99% of the web is garbage. And yes, we have an ancient browser, but I think we need a better list of ‘real websites’ that are a problem.

When 3.4 became 4.x I could no longer read a major newspaper. That got me looking. And I made a note of it here. That issue was fixed. But adding sites that are dubious/broken doesn’t help much.

My guess is that on DDoS protection, javascript calculates some “cryptographic” challenge. (proof of work)

@d.geelen Luckily the sailfish browser is not the only browser I have.

Some other browsers had an issue like this 3 months ago. When they adressed it, cloudflare fixed it after a while. Tell HN: Cloudflare Is Blocking Firefox Forks Waterfox Classic and Pale Moon | Hacker News

Disabling cookies seems to help.

Um. That script failed to load (FF, debian, not sfos) so it’s not calculating anything … :->

Could someone please update the title to include cloudflare?
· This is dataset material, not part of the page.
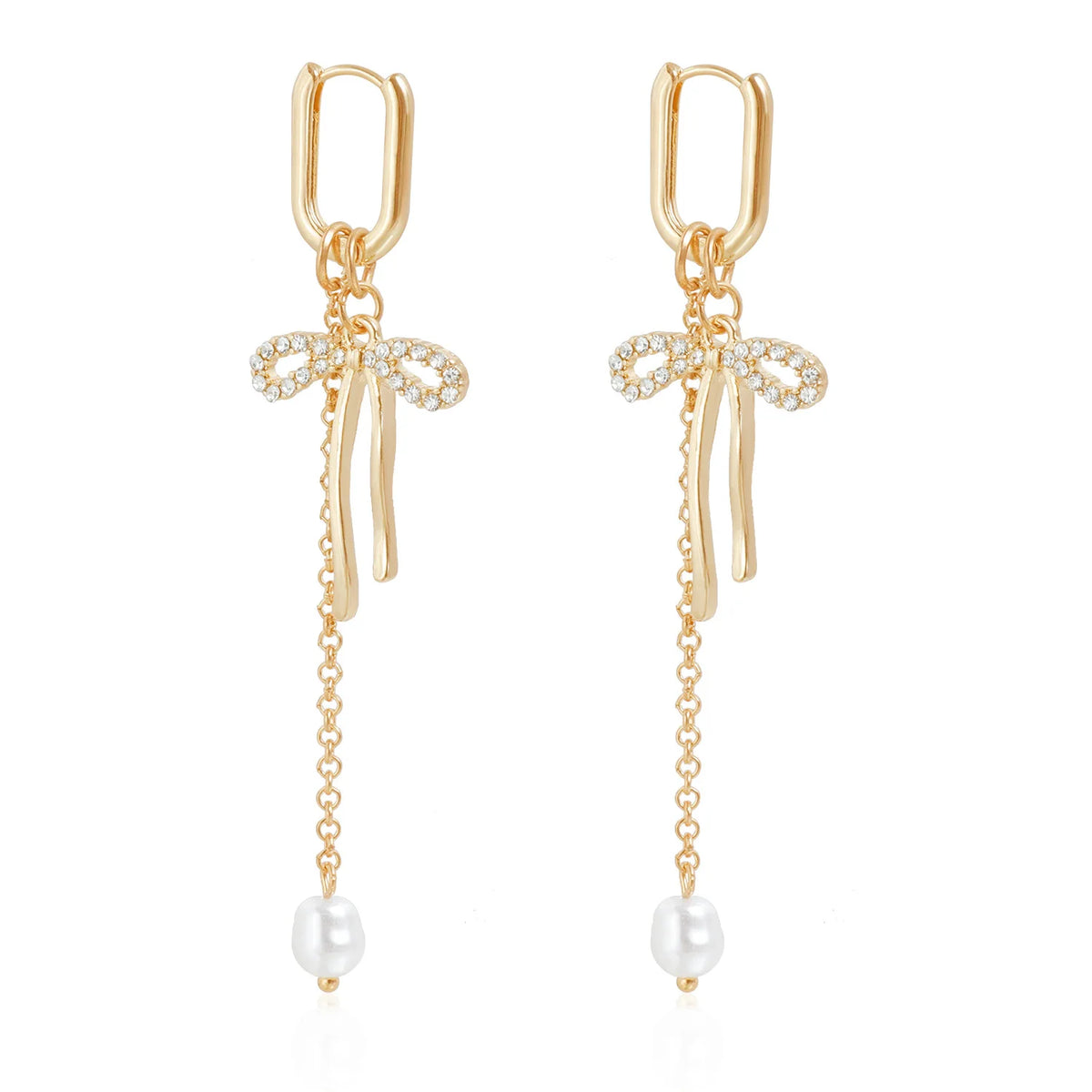 Fashion Bowknot Imitation Pearl Glitter Drop Earrings for Girls Sweet Elegant Glamorous Jewelry for Women Ladies Accessories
I can’t seem to do it from my phone and I’m ‘on the road’ :slight_smile:

@flypig I see the ‘fixed’ state is editable in the wiki, do you mind much if we set it back to ‘open’? As this really is an open problem and is only expected to get worse as more sites use akamai/cloudflare or a third protection racket starts blocking the browser.

2 Likes

I’ve switched it from ‘fixed’ to ‘pending’. Just to clarify, the aim of both these tags is to avoid this being a recurring output from the Bug Coordination Team’s bug tracking scripts.

From what I understand Akamai and Cloudflare have heuristics for deciding whether to block a browser, and application of these is controlled by individual customers. The heuristics can go to the level of measuring the rendering speed of individual elements on a page, so finding a general solution may be tricky.

https://techdocs.akamai.com/cloud-security/docs/detection-methods

Even if there’s no general technical solution that will work for all sites, that doesn’t mean it’s not worth exploring workarounds for specific sites of course.

Has anyone enjoyed any success from contacting the blocking sites? It’d be useful to collect that info in case anyone has. Did you receive any response from Gigantti @direc85?

4 Likes

I haven’t gotten a reply from them yet…

I browsed around lippu.fi for a while and couldn’t reproduce it anymore, so I updated the post (and fixed the typo in the URL).

1 Like

You don’t want to be on Cloudflare’s naughty list | Ctrl blog

Somewhat related: this guy got his whole internet blocked for a week, and he never managed to even figure out why.

Relevant quote:

I’m unsure if my IP reputation was classified with a high bot score (likely automated requests) or given a high threat score (likely malicious request). Cloudflare doesn’t offer end-users any way to dispute or even check their IP reputation scores. The company doesn’t offer end-users any support at all. Everything is automated.

The worrying thing here is that it’s unknowable why the blockade happened. I fear that we too may be at risk because our phones keep tripping up cloudflare, akamai, etc. What if one day I try to access one too many of these site from my phone, and my home IP gets put on the blocklist by some bot because of it?